Jane Eyre
Robert Stevenson (1944)
Si le Jane Eyre de Robert Stevenson est une incontestable réussite, en tout cas très supérieure aux "Hauts de Hurlevent" de William Wyler, c'est moins à son réalisateur (mineur) qu'il le doit qu'à l'impressionnante réunion de talents qui se sont penchés sur son berceau, véritable concentré de ce que les studios hollywoodiens (ici la Fox) ont pu produire de mieux durant leur âge d'or. Aldous Huxley (l'auteur du "Meilleur des mondes") au scénario, Bernard Herrmann à la musique, George Barnes, le chef opérateur de "Rebecca" de Alfred Hitchcock à la photographie et last but no least, la performance shakespearienne de Orson Welles dont l'influence sur le film dépasse d'ailleurs largement sa prestation d'acteur. C'est sa patte que l'on reconnaît sur la mise en scène avec une atmosphère ténébreuse et gothique, une entrée en scène opératique dans la brume, de nombreux éclairages expressionnistes, une utilisation de la profondeur de champ, de la plongée et de la contre-plongée et du positionnement des personnages dans le cadre traduisant les rapports de domination dans la lignée de "Citizen Kane". Joan Fontaine, parfaite dans ce genre de rôle renforce le lien que l'on peut établir entre cette adaptation du roman de Charlotte Brontë et celle du "Rebecca" de Daphné du Maurier. Le film devait d'ailleurs être produit à l'origine par David O' Selznick.

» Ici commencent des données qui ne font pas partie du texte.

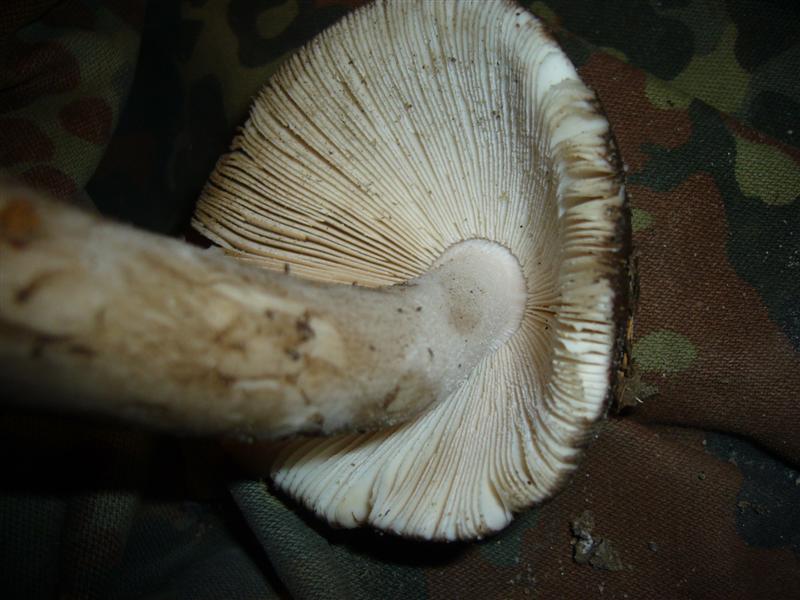 Amanita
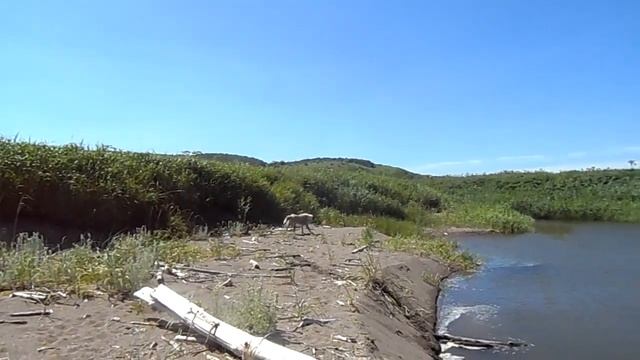 о.Сахалин.. п. Взморье.. Пёсий выкупас..)) смотреть онлайн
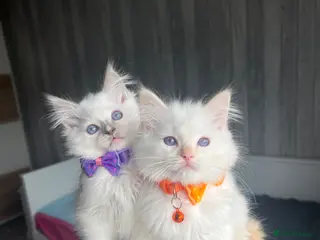 Ragdoll cats Pedigree Ragdoll kittens - Advert 1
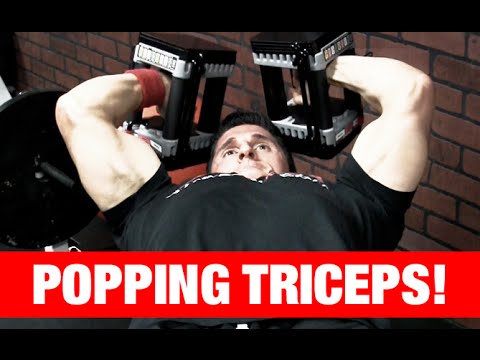 Elbow Pain with Tricep Exercises (SNAP OR POP!) - UCe0TLA0EsQbE-MjuHXevj2A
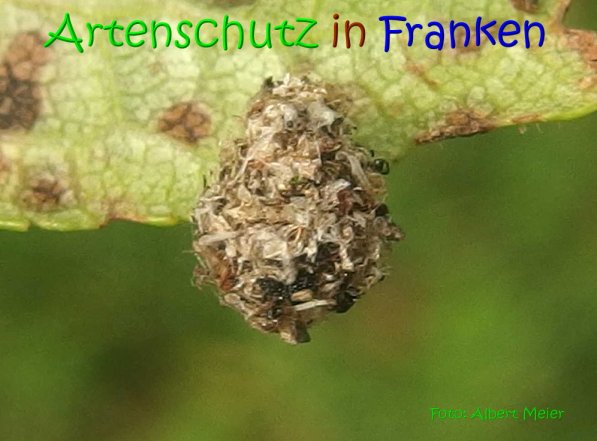 Copyright AiS Albert Meier Bild zum Eintrag (69921-160)
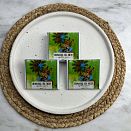 Живой шоколад на меду с кедровым орехом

Il ne s'agit pas à proprement parler d'une adaptation fidèle puisqu'il a fallu condenser l'œuvre pour qu'elle tienne sur 90 minutes (la fin est d'ailleurs un peu précipitée et maladroite) mais l'essentiel y est, à savoir le caractère subversif de l'héroïne, reflet de celui de Charlotte Brontë. Jane est en effet une rebelle qui exprime sa colère devant les injustices qui lui sont faites, et ce dès sa plus tendre enfance. Par la suite, cette colère se transforme en une volonté farouche et indomptable. Charlotte avait titré une de ses œuvres "Tales of Angria" que l'on pourrait traduire par "Contes du royaume de la colère" ^^. Or la colère est aussi mal vue chez les femmes que les larmes le sont chez les hommes. A l'époque victorienne, c'était tout simplement une émotion qui faisait scandale lorsqu'elle s'exprimait chez une femme. Tout comme le fait de mener sa barque de façon indépendante ou de créer. Or Jane refuse catégoriquement le destin de recluse sous domination patriarcale qu'on veut lui imposer. Elle choisit une destinée d'homme, celle de partir seule en quête de sa place dans le monde, endurant des épreuves dignes d'un Bildungsroman au féminin. Et elle ose affirmer à Rochester qui est deux fois plus âgé qu'elle et d'un statut social supérieur qu'elle est son égale. D'ailleurs le fait qu'ils ne peuvent convoler que lorsque celui-ci est diminué physiquement a le même effet "anti-patriarcal".
"Jane Eyre" est aussi marquant par le fait qu'il met en scène dans le rôle de Helen Burns, l'amie de Jane à la pension Lowood la jeune Elizabeth Taylor qui n'était alors âgé que de 11 ans mais qui crevait déjà l'écran. Peggy Ann Garner s'en tire également très bien dans le rôle de Jane enfant. Grâce notamment à leur jeu et à la mise en scène occulte de Orson Welles ^^ (qui s'intéressait beaucoup au roman de Charlotte Brontë), les séquences résumant l'enfance de l'héroïne ne sont pas qu'un simple passage obligé mais acquièrent une dimension comparable (en miniature) à celle de la "Nuit du chasseur" de Charles Laughton.